Hi Paul, perhaps you could explain the building work you are carrying out on your own property/nature strip? I live next door and have been woken up on Sunday morning at 7am with building work. … and have piles of concrete on the drive next to my property left unsecured

michael quirk 10:56 am 03 Feb 18

Paul Costigan’s comments on the NCDC are timely.

The NCDC provided a great planning legacy on which to build including the development of new towns each with a centre containing major office employment, retailing and community facilities; a network of group and local centres; peripheral parkways, the inter-town transport spine linking the town centres with central Canberra, well planned suburbs connected to cycle and pedestrian networks and a highly valued open space network. Its planning and development policies provided high amenity to residents and responded the community’s preferences for low density living and the availability of cheap fuel.

At times the Commission’s planning was ahead of community preferences and land identified for higher density housing had to be replanned for lower density housing. The framework facilitated the timely and efficient delivery of social and physical infrastructure and avoided the “sprawl” that characterised the development of other Australian cities. It was the go to planning and development agency in Australia.

At the core of the NCDC was expertise in planning, design and development. If such expertise has been maintained within the ACT government there would have been a more effective response to the parameters shaping the development the city. Such expertise may have led to higher levels of employment in Gungahlin, a more modest development of commercial space at the Airport, better designed redevelopments, land release programs responsive to the housing demands of the community and designed to archive strategic planning outcomes rather than raise revenue and the provision of a busway rather than the unnecessary, expensive and soon to antiquated light rail.

The planning strategy for the city is in need of urgent review but the bureaucracy lacks expertise and only seems capable of implementing the half baked ideas of politicians rather than giving sound planning and development advice.

Craig Elliott 8:32 pm 01 Feb 18

The Bush capital....I think not...take a drive down the main road of Harrison...more like concrete jungle....high destinty overload...poor quality build...government has lots control...all this will keep high pressure on houses with good size blocks within established suburbs

Kim Fischer 9:57 pm 31 Jan 18

I wrote this article on the NCDC. http://kimfischer.com.au/515-2/

    Mark Dando 10:14 am 01 Feb 18

    'As voters, the onus now falls on all of us to take responsibility for the system of government we have and make it the best we possibly can.' Well put.

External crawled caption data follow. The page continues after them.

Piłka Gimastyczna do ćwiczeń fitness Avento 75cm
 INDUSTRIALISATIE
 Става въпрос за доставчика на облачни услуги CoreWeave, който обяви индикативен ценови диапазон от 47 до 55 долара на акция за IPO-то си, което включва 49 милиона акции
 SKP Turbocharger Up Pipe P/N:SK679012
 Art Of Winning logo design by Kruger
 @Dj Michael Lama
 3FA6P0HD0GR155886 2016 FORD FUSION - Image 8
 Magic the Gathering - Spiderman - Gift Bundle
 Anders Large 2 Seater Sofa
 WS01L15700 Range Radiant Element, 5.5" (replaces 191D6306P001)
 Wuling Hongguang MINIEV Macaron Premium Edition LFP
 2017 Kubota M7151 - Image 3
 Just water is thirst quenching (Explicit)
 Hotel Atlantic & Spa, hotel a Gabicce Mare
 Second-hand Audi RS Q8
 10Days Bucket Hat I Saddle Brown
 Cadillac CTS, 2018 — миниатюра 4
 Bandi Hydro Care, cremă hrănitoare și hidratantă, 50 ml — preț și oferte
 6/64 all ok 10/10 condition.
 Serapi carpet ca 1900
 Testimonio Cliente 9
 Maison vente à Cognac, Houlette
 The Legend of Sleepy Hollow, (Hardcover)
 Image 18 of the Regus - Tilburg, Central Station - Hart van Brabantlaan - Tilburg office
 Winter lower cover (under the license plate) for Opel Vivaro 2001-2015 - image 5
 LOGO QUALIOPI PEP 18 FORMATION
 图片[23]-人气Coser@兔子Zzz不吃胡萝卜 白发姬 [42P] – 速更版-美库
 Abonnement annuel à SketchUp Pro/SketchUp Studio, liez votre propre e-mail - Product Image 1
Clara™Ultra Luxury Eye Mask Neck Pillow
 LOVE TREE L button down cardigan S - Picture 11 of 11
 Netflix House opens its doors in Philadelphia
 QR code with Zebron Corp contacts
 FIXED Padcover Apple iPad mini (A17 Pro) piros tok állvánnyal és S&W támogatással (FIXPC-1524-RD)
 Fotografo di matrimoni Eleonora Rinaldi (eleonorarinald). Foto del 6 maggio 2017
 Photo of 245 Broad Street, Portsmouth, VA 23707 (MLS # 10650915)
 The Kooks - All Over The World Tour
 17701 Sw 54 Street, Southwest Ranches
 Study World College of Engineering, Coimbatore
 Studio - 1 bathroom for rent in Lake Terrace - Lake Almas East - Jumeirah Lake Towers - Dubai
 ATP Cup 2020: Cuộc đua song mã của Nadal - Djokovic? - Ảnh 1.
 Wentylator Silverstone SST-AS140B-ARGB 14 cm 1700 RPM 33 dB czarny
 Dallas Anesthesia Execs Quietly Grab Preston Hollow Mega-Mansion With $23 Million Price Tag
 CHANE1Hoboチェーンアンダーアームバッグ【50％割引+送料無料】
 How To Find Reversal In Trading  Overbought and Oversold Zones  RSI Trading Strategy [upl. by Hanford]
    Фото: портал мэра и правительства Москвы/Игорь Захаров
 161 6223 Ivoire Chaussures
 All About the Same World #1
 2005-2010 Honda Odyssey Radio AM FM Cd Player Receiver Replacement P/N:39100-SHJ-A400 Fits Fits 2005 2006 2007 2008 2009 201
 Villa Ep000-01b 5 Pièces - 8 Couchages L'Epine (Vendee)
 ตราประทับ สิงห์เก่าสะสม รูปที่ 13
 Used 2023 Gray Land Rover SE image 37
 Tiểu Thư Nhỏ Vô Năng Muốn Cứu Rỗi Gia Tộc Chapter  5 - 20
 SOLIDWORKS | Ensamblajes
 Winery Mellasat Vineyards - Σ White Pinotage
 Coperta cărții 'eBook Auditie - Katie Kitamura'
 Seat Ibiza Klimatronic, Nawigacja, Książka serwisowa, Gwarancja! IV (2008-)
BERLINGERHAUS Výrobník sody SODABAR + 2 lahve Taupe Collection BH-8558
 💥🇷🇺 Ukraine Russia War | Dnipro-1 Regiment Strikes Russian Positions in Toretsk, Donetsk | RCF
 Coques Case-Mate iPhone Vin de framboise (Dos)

    Do you still know the source of your quote:

    'Canberra as a place came to express the expectations and agenda of Australia’s administrative elite in the nation-building era – ordered, rational, expansive and expensive.'

    The link is broken.

    Kim Fischer 6:22 pm 04 Feb 18

    Refresh the page. Hopefully the link should work now.

Mark Dando 11:54 am 31 Jan 18

I grew up in Canberra under the NCDC, and was involved in their attempts at community consultation. Well-intentioned but clueless technocrats who believed that every social need could be met by a civil engineering solution. Former NCDC Commissioner Tony Powell still lives here and his comments, regularly reported by the Canberra Times (http://www.canberratimes.com.au/act-news/canberra-risks-losing-its-character-altogether-former-planning-head-tony-powell-20170515-gw4vvm.html) shows he hasn't learnt a thing. Canberra was a fragmented set of suburbs in search of a city. Despite obvious signs even then of environmental, social and economic change, the NCDC built for a 1950s-60s environment based on assumptions about life-time employment with a single employer, single-income families, unlimited reserves of fossil fuels and central planning of the economy. I left as soon as I could and only came back a couple of years ago because Canberra is morphing into a city despite the efforts of grumpy old men like Powell and Paul Costigan.

    David Brown 4:58 pm 31 Jan 18

    Tony Powell was great. He led the organisation that made our city a beautiful garden city. Remember not seeing advertising hoardings? Remember the KFC bucket being kept to head level? So many good things.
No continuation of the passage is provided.